- West Indies / India
- Dates: 12 July – 13 August
- Captains: Kraigg Brathwaite (Tests) Shai Hope (ODIs) Rovman Powell (T20Is) / Rohit Sharma (Tests & ODIs) Hardik Pandya (T20Is)

Test series
- Result: India won the 2-match series 1–0
- Most runs: Kraigg Brathwaite (130) / Yashasvi Jaiswal (266)
- Most wickets: Jomel Warrican (5) / Ravichandran Ashwin (15)

One Day International series
- Results: India won the 3-match series 2–1
- Most runs: Shai Hope (111) / Ishan Kishan (184)
- Most wickets: Gudakesh Motie (6) / Shardul Thakur (8)
- Player of the series: Ishan Kishan (Ind)

Twenty20 International series
- Results: West Indies won the 5-match series 3–2
- Most runs: Nicholas Pooran (176) / Tilak Varma (173)
- Most wickets: Romario Shepherd (9) / Arshdeep Singh (7)
- Player of the series: Nicholas Pooran (WI)

= Indian cricket team in the West Indies and the United States in 2023 =

International cricket tour

The India men's cricket team toured the West Indies and the United States in July and August 2023 to play two Test, three One Day International (ODI) and five Twenty20 International (T20I) matches. The Test series formed part of the 2023–2025 ICC World Test Championship. The International Cricket Council (ICC) confirmed this FTP tour in their press release in August 2022.

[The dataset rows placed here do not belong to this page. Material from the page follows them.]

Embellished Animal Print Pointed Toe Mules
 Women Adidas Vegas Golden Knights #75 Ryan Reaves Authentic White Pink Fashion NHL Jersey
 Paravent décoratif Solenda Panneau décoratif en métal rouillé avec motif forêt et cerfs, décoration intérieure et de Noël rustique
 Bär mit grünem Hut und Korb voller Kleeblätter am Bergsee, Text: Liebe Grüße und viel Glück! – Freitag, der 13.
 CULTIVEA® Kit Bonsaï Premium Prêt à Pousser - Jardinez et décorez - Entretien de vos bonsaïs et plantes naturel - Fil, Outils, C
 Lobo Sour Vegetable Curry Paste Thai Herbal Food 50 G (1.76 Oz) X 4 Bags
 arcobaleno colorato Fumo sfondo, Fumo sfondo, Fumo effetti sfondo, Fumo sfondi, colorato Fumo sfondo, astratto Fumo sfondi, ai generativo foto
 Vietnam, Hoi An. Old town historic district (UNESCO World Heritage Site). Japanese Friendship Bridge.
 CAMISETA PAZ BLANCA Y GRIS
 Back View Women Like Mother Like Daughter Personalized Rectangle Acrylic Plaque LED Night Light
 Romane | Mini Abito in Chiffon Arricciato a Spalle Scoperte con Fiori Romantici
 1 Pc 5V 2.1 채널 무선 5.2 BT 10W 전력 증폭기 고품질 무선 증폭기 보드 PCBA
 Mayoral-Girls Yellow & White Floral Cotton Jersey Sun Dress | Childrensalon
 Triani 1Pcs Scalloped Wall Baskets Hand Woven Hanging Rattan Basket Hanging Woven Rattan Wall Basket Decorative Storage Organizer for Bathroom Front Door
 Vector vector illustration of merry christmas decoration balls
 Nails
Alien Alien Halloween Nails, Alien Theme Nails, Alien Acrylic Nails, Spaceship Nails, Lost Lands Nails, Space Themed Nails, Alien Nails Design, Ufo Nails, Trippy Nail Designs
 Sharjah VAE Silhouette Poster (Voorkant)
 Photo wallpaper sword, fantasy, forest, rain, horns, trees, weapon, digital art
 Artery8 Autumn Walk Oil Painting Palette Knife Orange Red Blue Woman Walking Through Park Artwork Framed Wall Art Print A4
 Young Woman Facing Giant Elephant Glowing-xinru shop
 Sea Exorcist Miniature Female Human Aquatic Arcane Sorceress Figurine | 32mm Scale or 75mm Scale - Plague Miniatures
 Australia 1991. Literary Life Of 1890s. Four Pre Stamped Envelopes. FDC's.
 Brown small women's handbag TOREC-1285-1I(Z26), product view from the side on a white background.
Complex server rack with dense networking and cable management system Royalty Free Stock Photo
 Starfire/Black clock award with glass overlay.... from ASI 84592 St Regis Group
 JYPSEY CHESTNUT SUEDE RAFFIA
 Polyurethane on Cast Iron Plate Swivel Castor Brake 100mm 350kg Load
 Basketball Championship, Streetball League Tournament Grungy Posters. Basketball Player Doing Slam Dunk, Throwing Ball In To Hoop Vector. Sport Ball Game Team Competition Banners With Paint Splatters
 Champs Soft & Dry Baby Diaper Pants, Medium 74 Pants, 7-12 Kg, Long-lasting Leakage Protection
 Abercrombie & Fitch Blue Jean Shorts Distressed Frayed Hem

Originally, three T20I matches were scheduled to take place in the West Indies. However in March 2023, the Board of Control for Cricket in India (BCCI) agreed to the proposal of Cricket West Indies (CWI) to include two more T20I matches in the tour. In April 2023, CWI announced that the two extra T20I matches would take place in Florida, United States. On 12 June 2023, CWI announced the schedule of the tour.

==Squads==

| West Indies |  |  | India |  |  |
|---|---|---|---|---|---|
| Tests | ODI | T20Is | Tests | ODIs | T20Is |
| Kraigg Brathwaite (c); Jermaine Blackwood (vc); Alick Athanaze; Tagenarine Chanderpaul; Rahkeem Cornwall; Joshua Da Silva (wk); Shannon Gabriel; Jason Holder; Alzarri Joseph; Kirk McKenzie; Raymon Reifer; Kemar Roach; Kevin Sinclair; Jomel Warrican; | Shai Hope (c, wk); Rovman Powell (vc); Alick Athanaze; Yannic Cariah; Keacy Carty; Dominic Drakes; Shimron Hetmyer; Alzarri Joseph; Brandon King; Kyle Mayers; Gudakesh Motie; Jayden Seales; Romario Shepherd; Kevin Sinclair; Oshane Thomas; | Rovman Powell (c); Kyle Mayers (vc); Johnson Charles (wk); Roston Chase; Shimron Hetmyer; Jason Holder; Shai Hope (wk); Akeal Hosein; Alzarri Joseph; Brandon King; Obed McCoy; Nicholas Pooran (wk); Romario Shepherd; Odean Smith; Oshane Thomas; | Rohit Sharma (c); Ajinkya Rahane (vc); Ravichandran Ashwin; KS Bharat (wk); Ruturaj Gaikwad; Shubman Gill; Ravindra Jadeja; Yashasvi Jaiswal; Ishan Kishan (wk); Virat Kohli; Mukesh Kumar; Axar Patel; Navdeep Saini; Mohammed Siraj; Shardul Thakur; Jaydev Unadkat; | Rohit Sharma (c); Hardik Pandya (vc); Yuzvendra Chahal; Ruturaj Gaikwad; Shubman Gill; Ravindra Jadeja; Ishan Kishan (wk); Virat Kohli; Mukesh Kumar; Axar Patel; Sanju Samson (wk); Mohammed Siraj; Shardul Thakur; Umran Malik; Jaydev Unadkat; Kuldeep Yadav; Suryakumar Yadav; | Hardik Pandya (c); Suryakumar Yadav (vc); Ravi Bishnoi; Yuzvendra Chahal; Shubman Gill; Yashasvi Jaiswal; Avesh Khan; Ishan Kishan (wk); Mukesh Kumar; Axar Patel; Sanju Samson (wk); Arshdeep Singh; Umran Malik; Tilak Varma; Kuldeep Yadav; |

Tevin Imlach and Akeem Jordan were named as travelling reserves for the Test squad. On 18 July 2023, Kevin Sinclair was added to the squad for the second Test, in the place of Raymon Reifer. Ahead of the ODI series, Mohammed Siraj was rested from India's ODI squad.